### Provided information
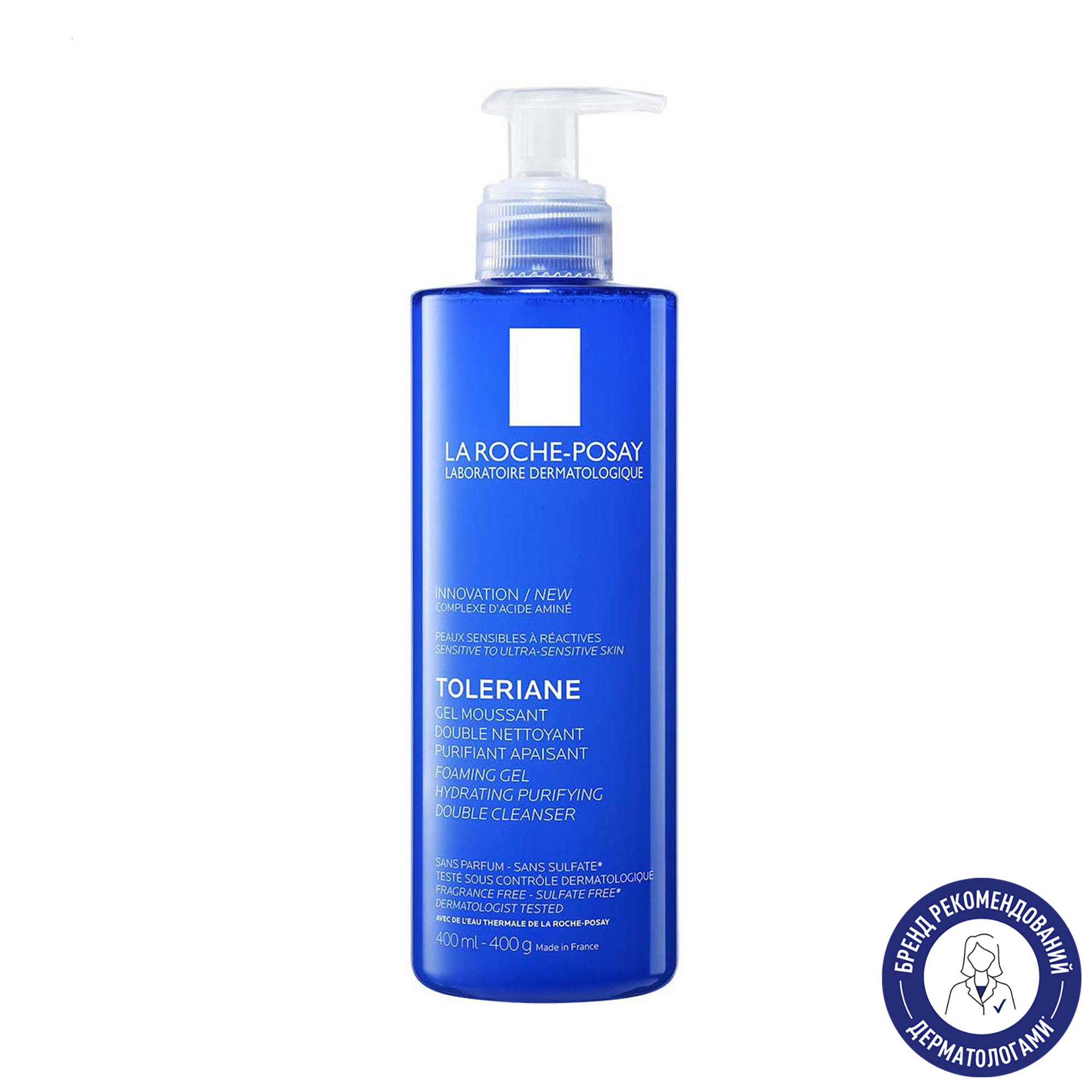 Зволожувальний очищувальний гель-мус для обличчя La Roche-Posay Toleriane Foaming Gel Подвійної дії, 400 мл
Зволожувальний очищувальний гель-мус для обличчя La Roche-Posay Toleriane Foaming Gel Подвійної дії, 400 мл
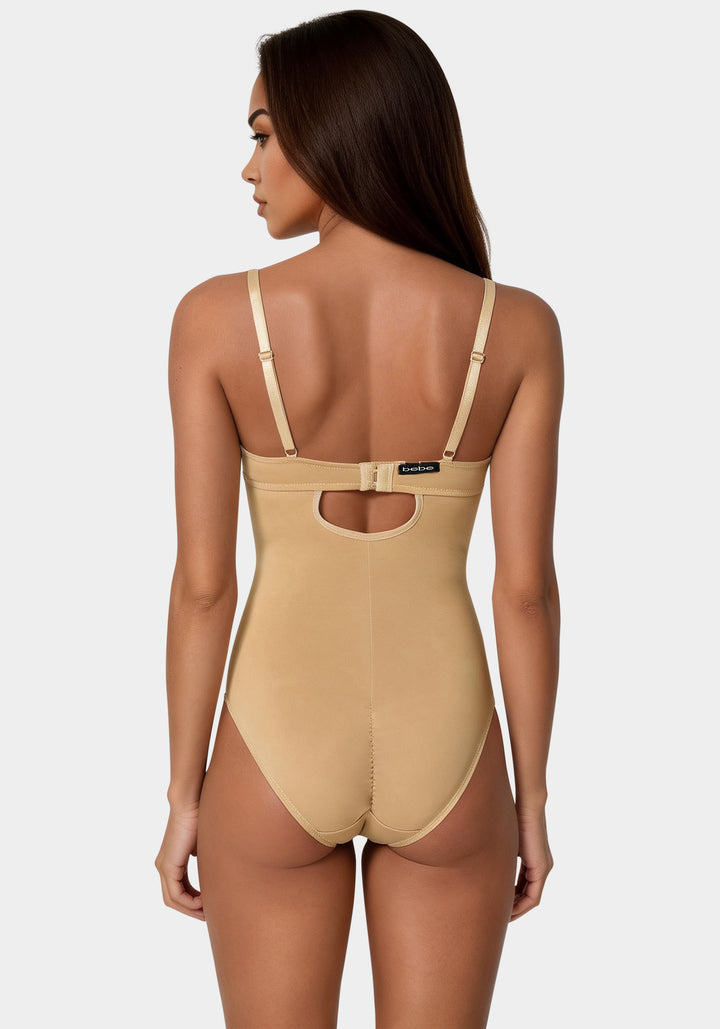 Back View-Micro Powermesh Shape Bodysuit-Caramel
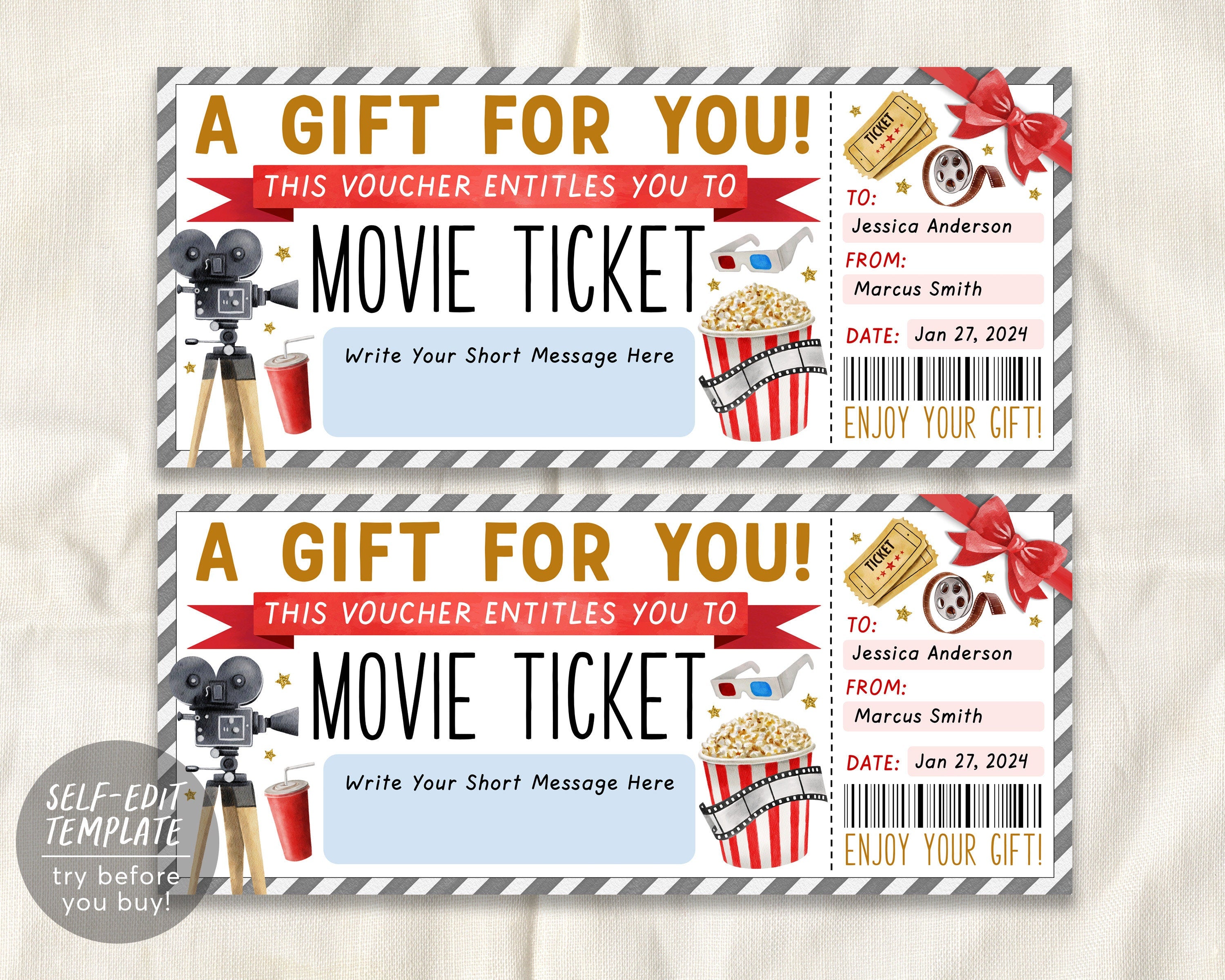 Valentine's Movie Ticket Surprise Gift Voucher, Surprise Movie Show Ticket  Printable Template, Editable Instant Download, Gift Certificate - Etsy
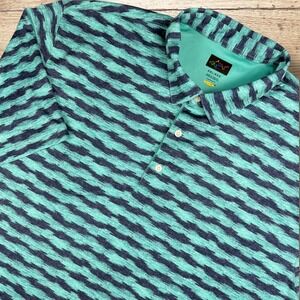 GREG NORMAN Mens Play Dry Golf Polo Shirt Size XXL Green Navy Striped Shark Logo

### Work request
Although the records above contain pictures, the copy should hold only the lines from their start through the line containing "Back View-Micro Powermesh", each exactly as written, and none of the pictures.

### Your response
 Зволожувальний очищувальний гель-мус для обличчя La Roche-Posay Toleriane Foaming Gel Подвійної дії, 400 мл
Зволожувальний очищувальний гель-мус для обличчя La Roche-Posay Toleriane Foaming Gel Подвійної дії, 400 мл
 Back View-Micro Powermesh Shape Bodysuit-Caramel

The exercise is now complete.